Types of Financial Aid
There are many ways to get funding for your education; one of the most widely used resources is a federal or private loan.
The Federal Stafford Loan is the most common type of federal student financial aid loan, and it requires the completion of the Free Application for Federal Student Aid (FAFSA). There are two types of Federal Stafford Loans:
A subsidized Stafford Loan is awarded on the basis of need and the federal government pays interest on the loan while you are enrolled at least half-time (6 credits) and for one 6-month grace period after you graduate or fall below half-time enrollment.
An unsubsidized Stafford Loan is not based on need and allows some students to borrow additional money. Students are responsible for the interest on an unsubsidized loan. No payments are required on any Stafford Loan until 6 months after you leave school or fall below 6 credits. If possible, you may want to pay accrued interest on an unsubsidized loan while you are enrolled.
For more information on Federal Stafford Loans, click here.
Federal PLUS Loan
Parents and step-parents of dependent undergraduate students attending school at least half-time may take out a Parent Loan for Undergraduate Students (PLUS). This is an unsubsidized loan that is often lower in cost than a private loan because the federal government guarantees it. Loan approval is subject to credit criteria established by the U.S. Department of Education and your lender. A PLUS loan must be repaid. It is the responsibility of parents to make these payments.

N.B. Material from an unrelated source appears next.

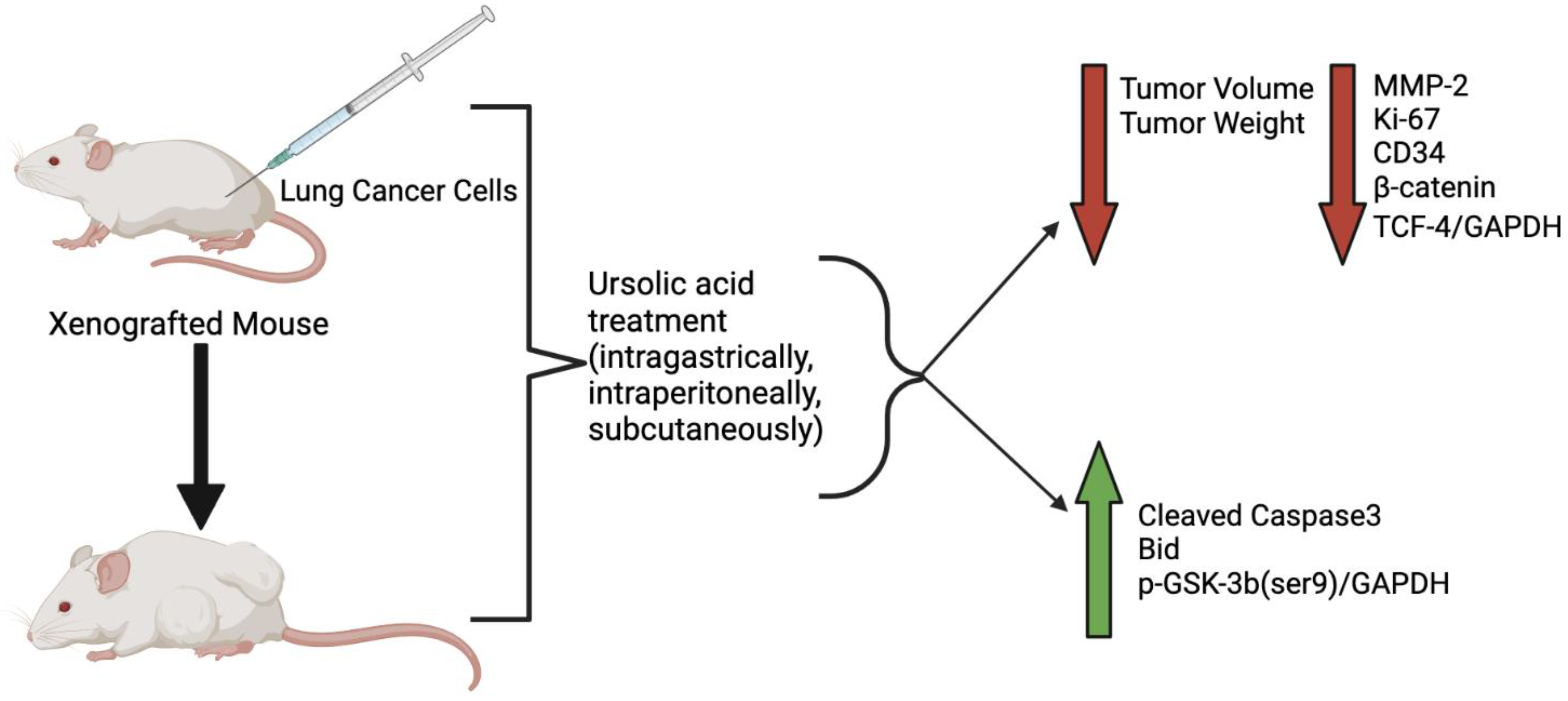 Molecules 27 07466 g003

For more information on Federal PLUS Loans, click here.
(NOTE: Depending on the school a Federal Perkins Loan may be available.)
Alternative Student Loans
Some students may need additional loan funds after maximizing their federal loan options or may not be eligible for federal loans and still need to borrow toward their education. Many lenders offer private alternative loans to help students meet the gap between financial aid and college costs.
Students must either meet the credit criteria of the loan for which they are applying or have a credit-eligible co-borrower. Many of these loans also require enrollment in six or more degree credits per semester, but there are options for students studying in non-degree classes or enrolled in less than half-time status.
A grant, unlike a loan, does not have to be repaid. The most common form is the Federal Pell Grant; it is awarded using FAFSA to determine eligibility and awarded to undergraduate students who have not earned a bachelor’s or a professional degree. Pell Grants are considered a foundation of federal financial aid, to which aid from other federal and nonfederal sources might be added.
Other grants include:
Federal Supplemental Education Opportunity Grant (FSEOG)
Academic Competitiveness Grant
National SMART Grant
For more information about federal grants, click here.
There are many different types of public and private scholarships available to a diverse range of students. Scholarship programs can be university-related or come from an outside source. They usually require applicants to meet specific academic, social or economic requirements that are unique to each scholarship program.
Make sure to thoroughly explore all scholarship materials for detailed requirements and disbursement information.